Tàpies (Barcelona, 1923 – Barcelona, 2012)
Por Ángel de Frutos.
Ayer, en una visita al Museo del Prado con un grupo de estudiantes franceses, les comentaba que, para poder estudiarla mejor, dividimos la Historia del Arte en períodos, movimientos o estilos. Les decía, sin embargo, que en ocasiones damos con un artista un tanto especial, fuera de lo común, que nos pone las cosas difíciles para enmarcar su obra dentro de uno de esos estilos, como si quisiera reírse de ese enfermizo afán clasificador. Les explicaba entonces los casos de El Bosco o El Greco, artistas en cuya obra encontramos reflejado un mundo interior muy especial.
Y al comenzar a escribir esta reseña, que pretende ser un homenaje a uno de los artistas españoles más relevantes del siglo XX español, me vinieron de nuevo a la mente esos nombres, junto con el de Antoni Tàpies.

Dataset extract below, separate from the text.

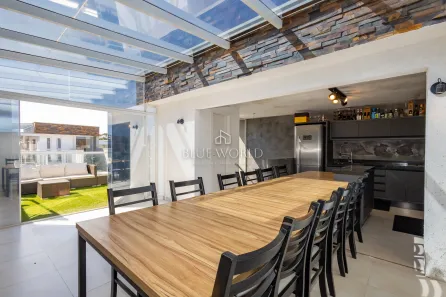 Casa com 3 Quartos à venda, 200m² no Uberaba, Curitiba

Porque en la obra de Tàpies hablamos de un riquísimo mundo interior. De su profundo interés por la filosofía –oriental y occidental- y, a la vez, por la realidad cotidiana y cercana de su Barcelona natal, que le lleva a incluir en sus obras desde el pensamiento de Sartre hasta su famoso y polémico calcetín. El enorme abanico de referencias que hay entre uno y otro, sin olvidarnos del rol fundamental que juega el azar, enriquece un personalísimo imaginario poético presente en cada una de sus obras.

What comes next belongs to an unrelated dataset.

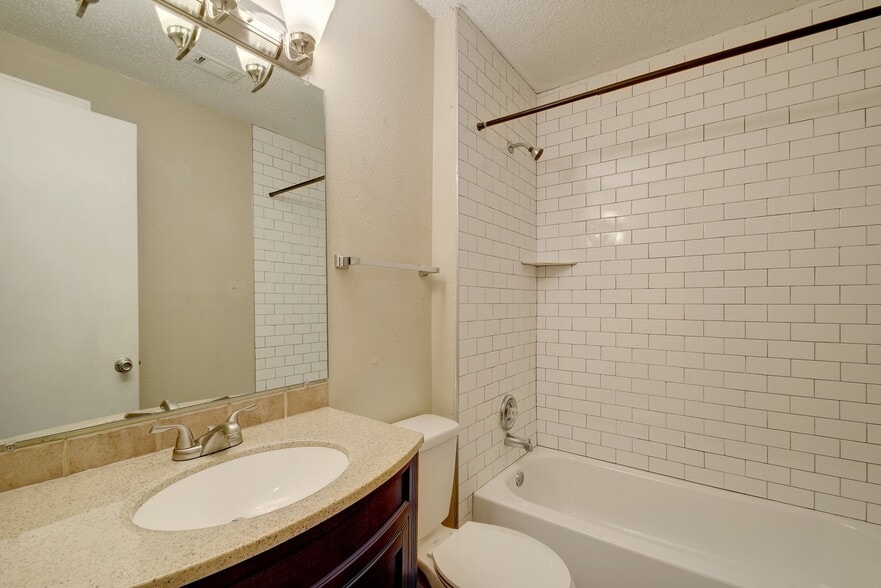 Building Photo - 418 Linden St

Sin duda, personal es también su plasticidad, alejándose de la idea de belleza en el arte para encontrarla, paradójicamente, en muros desconchados y materiales de desecho; acercándose así a la corriente informalista europea, pero también al arte povera, al expresionismo abstracto americano o a la pintura sígnica oriental. Y todo ello combinado con referentes a la tradición española -desde la pintura barroca hasta el grupo El Paso-, tomando de ella esos tonos terrosos y negros tan característicos en su producción; colores de los que él mismo decía que le gustaban por “serios y profundos”, porque lo unían a la tierra. Y, “en el fondo estamos hechos de tierra… y volvemos a ella”.